4. JULGAMENTO DE DIREITO
4.1. O n.º 1 do artigo 662.° do Código de Processo Civil, determina que “A Relação deve alterar a decisão proferida sobre a matéria de facto, se os factos tidos como assentes, a prova produzida ou um documento superveniente impuserem decisão diversa.”
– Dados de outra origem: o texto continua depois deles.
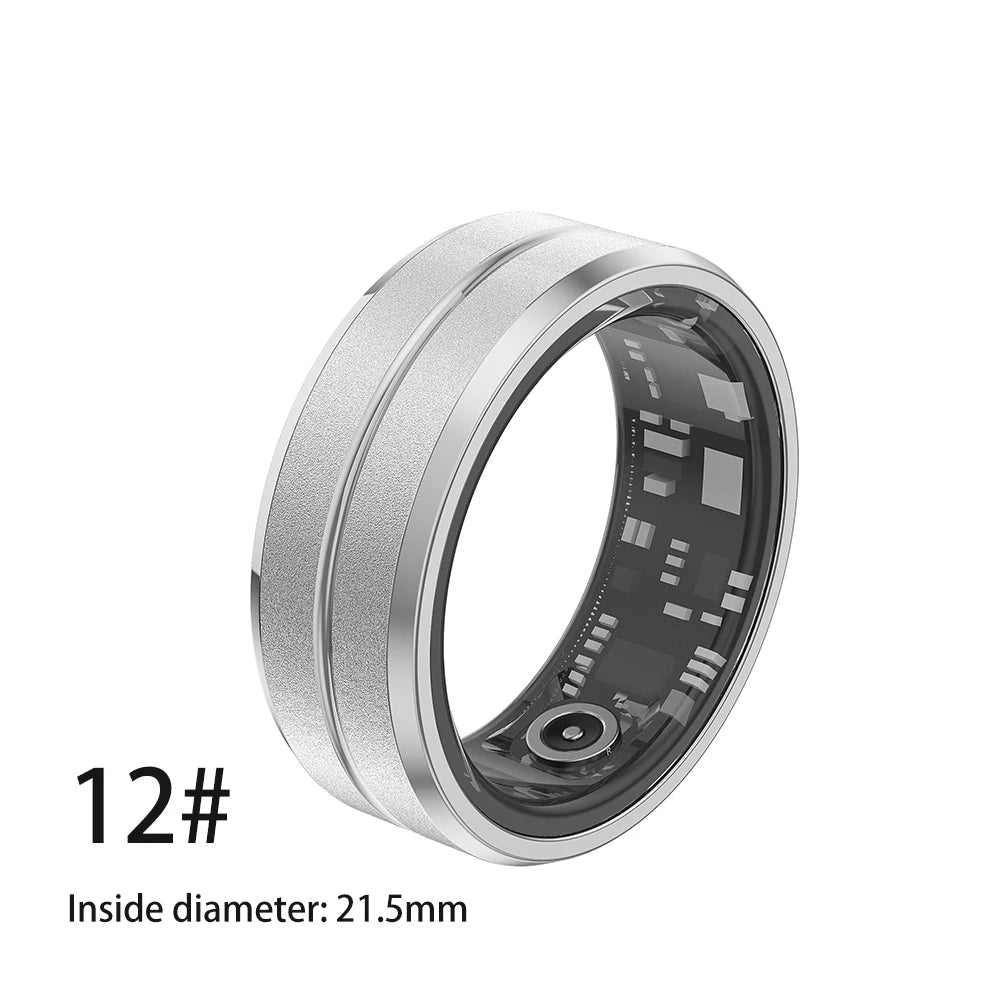 MISIRUN 2024 Smart Ring - Hjerte- og oksygenmonitor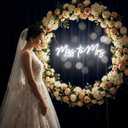 Miss to Mrs Neon Sign for Wedding, 24" x 7" Super Bright 12V LED Sign with Adapter, Bridal Shower Wall Decor, Engagement Party, Bachelorette Party Decorations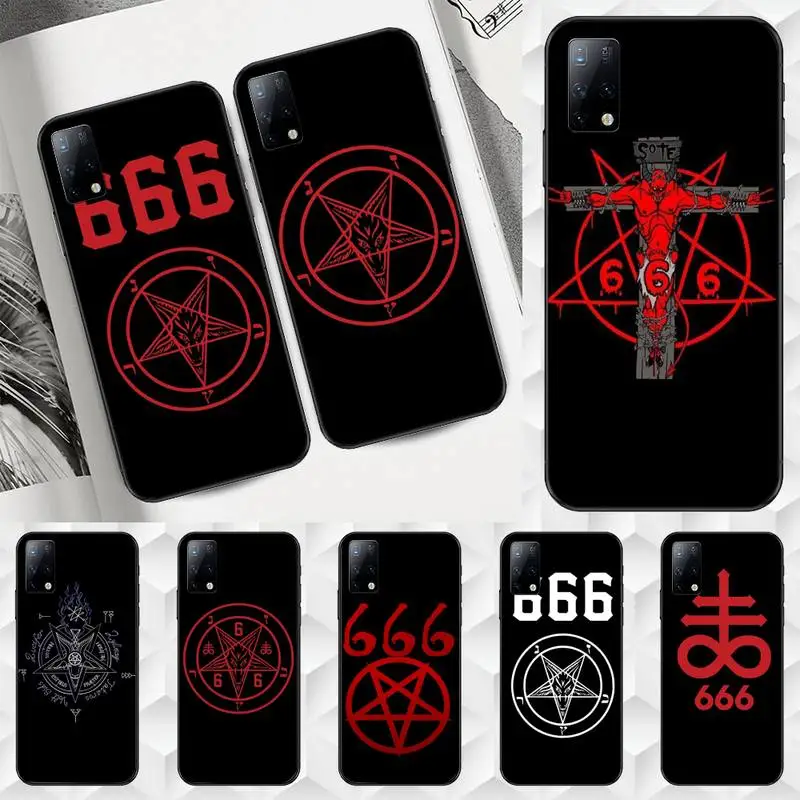 

Pentagram 666 Demonic Satanic Phone Case for redmi 6A 7A 8A 9A 10X 4G note 8 8T 9S 10 K30 K20 pro max Cover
Por sua vez, o art.º 640.º do mesmo diploma impõem que “1 - Quando se impugne a decisão proferida sobre a matéria de facto, deve o recorrente obrigatoriamente especificar, sob pena de rejeição:
a) Os concretos pontos de facto que considera incorretamente julgados;
b) Os concretos meios probatórios, constantes do processo ou de registo ou gravação nele realizada, que impunham decisão sobre os pontos da matéria de facto impugnados diversa da recorrida;
c) A decisão que, no seu entender deve ser proferida sobre questões de facto impugnadas.
2 – No caso previsto na alínea b) do número anterior, observa-se o seguinte:
a) Quando os meios probatórios invocados como fundamento do erro na apreciação das provas tenham sido gravados, incumbe ao recorrente, sob pena de imediata rejeição do recurso na respetiva parte, indicar com exatidão as passagens da gravação em que se funda o seu recurso, sem prejuízo de poder proceder à transcrição dos excertos que considere relevantes;
b) Independentemente dos poderes de investigação oficiosa do tribunal, incumbe ao recorrido designar os meios de prova que infirmem as conclusões do recorrente e, se os depoimentos tiverem sido gravados, indicar com exatidão as passagens da gravação em que se funda e proceder, querendo, à transcrição dos excertos que considere importantes. (…)”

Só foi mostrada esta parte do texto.